Code of Discipline

Introductory Statement

This version of the school's Code of Discipline has been edited for the school web-site. The complete policy is available at the school.

 

Rationale behind our Code of Dscipline

The school Motto is “Mol an Óige” which is a shortened form of the Irish proverb “Mol an Óige agus tiocfaidh sí”. This is central to the school’s Code of Discipline and translates as ‘Praise the young and they will improve’. It could also be said that they will come with you. In Powerstown School, high self-esteem through praise and encouragement is central to our promotion of correct and appropriate behaviour.

Powerstown N.S. aims to provide a caring school environment that is conducive to learning and to the development of the whole person, where children can acquire independence and can achieve their full potential, spiritually, physically academically and socially.

 

It is our belief that our Code of Discipline will allow us to create this environment. This Code will assist parents and pupils in understanding the systems and procedures that are part of school life and will help to ensure the safety and well-being of all members of the school community.

 

Discipline in school is linked to the creation of an orderly environment that permits teaching and learning, and allows the creation of a happy, stimulating atmosphere for the children.  It is centrally linked to issues of social cohesion, justice and equality.

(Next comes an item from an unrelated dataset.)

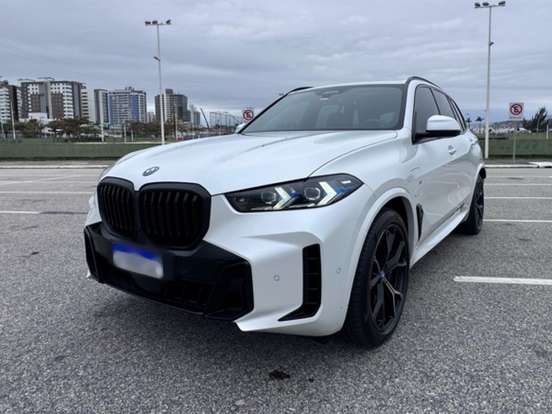 BMW-X5-3.0 I6 TURBO HÍBRIDO XDRIVE50E M SPORT AUTOMÁTICO BMW-X5-2023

Each child is entitled to an education and learning environment which facilitates the nurturing of her/his full educational potential.  We aim to create such an environment for our pupils to the greatest extent possible.

 

Teachers experience minor misbehaviours and problems on a daily basis.  Regardless of its severity, all forms of misbehaviour adversely affect learning and teaching in the classroom, as well as the interaction between children at break-times.

 

Discipline is about the needs, rights and responsibilities of children, parents, teachers and the whole community. Every child needs to be taught an acceptable way to behave, as they grow and develop.

 

Discipline is not about controlling children; it is a teaching strategy to empower and enable children to learn positive behaviour, and self-discipline in the classroom and beyond.

 

Discipline in our school is a shared, collective responsibility.  The concerns and expectations of teachers, pupils, Boards of Management and parents must be considered. The support and co-operation of all those involved is essential if our school is to continue as a safe and secure society for our children.

  

Atmosphere of the School

We believe that:

  1. The general atmosphere of the school shows evidence of good discipline.
  2. The school has a sense of purpose understood by teachers, parents and pupils.
  3. The pupils are happy and courteous.
  4. There are good relationships among the staff.
  5. There are good relationships between the staff and pupils.
  6. There are good relationships between staff and parents.
  7. There are good relationships between the pupils.
  8. Teachers, parents and pupils have a pride in their school.

Disciplinary Framework

  1. There is staff agreement regarding implementation of code of discipline.
  2. Parents are aware and supportive of the school’s Code of Discipline.
  3. All parents are requested to sign that they have read the Code of Discipline and will help to implement it when enrolling their child.
  4. Principal and staff give satisfactory support to colleagues in disciplinary matters.
  5. The pupils know the rules of the school.
  6. The pupils are aware of the Principal and staff’s attitude to discipline.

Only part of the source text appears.